Ablation Study (4.7): The results presented in the text are clearly and accurately described. However, the illustrations should be revised. As most noticeable in Figure 7, three-dimensional diagrams should be avoided as this distorts the result. It is also unclear why the F1 score on the x-axis is compared with the improved accuracy on the y-axis. In addition, 0% should be selected as the starting point for the y-axis in Figure 5 b), as otherwise, no accurate comparison with Figure 5 a) is possible. In general, consideration should be given to depicting the actual accuracy (not just the improvement).  

Conclusions 

The conclusion presents a comprehensive overview of the essential findings and interesting ideas for future research. However, it should not be assumed that there has been a significant improvement compared to state-of-the-art baselines, as the significance of this improvement has not been tested.  

Author Response

Please see the attachment.

Author Response File: Author Response.pdf

Reviewer 3 Report

Comments and Suggestions for Authors

The paper presents a proposal for a text classification method, RQ-OSPTrans, based on the residual connected Transformer encoder and parallel networks to address the challenge of accurately identifying topics in long texts containing colloquial expressions and noise. The presented experimental results demonstrate that the method achieves a better performance than the best methods in the literature, in topic recognition for texts longer than or equal to 256 tokens. However, there are some points to be enhanced.

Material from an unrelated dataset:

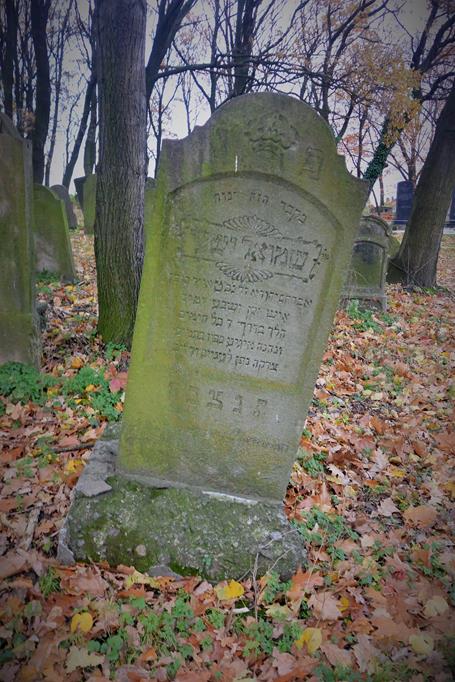 Na cmentarzu żydowkim (29).JPG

1. The experiment definition (section 4) lacks a dependent variables definition; it is unclear what was measured to compare the different methods. 
2. In the results section, the authors claim that the obtained results were significantly better than the compared methods. However, there are no statistical tests or any comparison parameters to ensure that the difference is significant.

Author Response

Please see the attachment.

Author Response File: Author Response.pdf

Reviewer 4 Report

Comments and Suggestions for Authors

* Introduction

The authors have taken a slightly different approach to the usual journal submission format, which means there isn't a clear and detailed problem statement in the introduction that explicitly describes the specific problem or gap that this research seeks to address in the field of text categorisation. This makes it a little tricky for us to understand the significance of the research and how it advances the current state of knowledge.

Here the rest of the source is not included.